Allen Crabbe led Nets’ scorers with 24 points; Nets defense broke down in the fourth quarter

The Nets had a 79-73 lead heading into the final period. Brooklyn also led 95-93 after Allen Crabbe's 3-pointer with 4:09 remaining in the fourth quarter, but the Nets could not hold on, missing eight shots in the last four minutes. The Nets got within two points with 1:04 to go after Spencer Dinwiddie hit a pair of free throws, but Indiana answered with five straight points, with 26 seconds left. And, at the end of the night, the Nets were on the losing end for the seventh straight game with a final score, 108-103 and a 19-40 win-loss record on the season.

So, what happened down the stretch?

“I think we got the shots we wanted and we missed some,” Crabbe explained to reporters following the loss. “For the most part, we had some costly turnovers too, I mean even me. We were down five so that kind of contributed to us not executing at the end there, coming up with another loss and it’s frustrating. It sucks that we keep putting ourselves in winning situations and we keep coming up short. Like I said, we were definitely looking forward to getting this big win going into the All-Star break. Now, we got like a week before our next game so hopefully, this break gives us some time to really get our minds right and attack this second half of the season.”

For the second consecutive game, Brooklyn Nets head coach Kenny Atkinson blames the team’s lack of, or, stunted defensive capabilities as a major contributing factor for the loss against Indiana.

“We couldn’t stop them,” Atkinson stated. “Defense again I think was our Achilles heel. Thirty-five points is just too many. I just felt like they got too many easy baskets, too many easy looks. There were too many breakdowns. Until we fix up our defense it’s going to be tough to get a W. That’s the way it is. We’re going to look at it, we’re going to look at our coverages; we’re going to look at who’s in the game. That’s disappointing to give up that many points in the fourth quarter.”
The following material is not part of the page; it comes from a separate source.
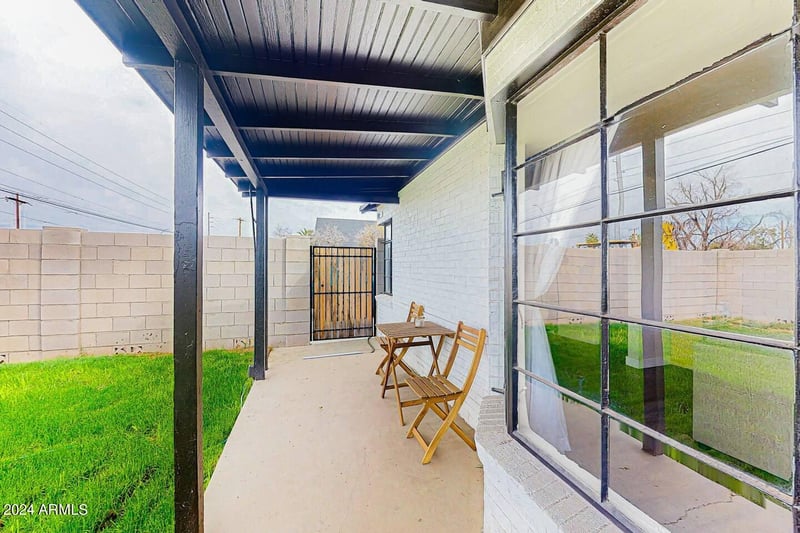 707 University Dr, Mesa, AZ 85203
Allen Crabbe led Nets players who scored in double-digits, with a team-high 24 points (9-of-16 FG, 5-of-11 3FG) and with a career-high-tying eight rebounds. DeMarre Carroll recorded 21 points (6-of-13 FG, 5-of-8 3FG, 4-of-6 FT), 10 rebounds and four assists in 35 minutes tonight. This is Carroll’s seventh game of 20-plus points this season; it matches his single-season career high seven 20-plus point games in the 2014-15 Season with Atlanta. And, there is still time left in this season for Carroll to break his record. D’Angelo Russell posted 18 points and a game-high nine assists in 29 minutes off the bench. Nets rookie Jarrett Allen totaled 10 points and six rebounds in 20 minutes in his ninth career start. Allen has scored in double figures in 10 of his last 12 games.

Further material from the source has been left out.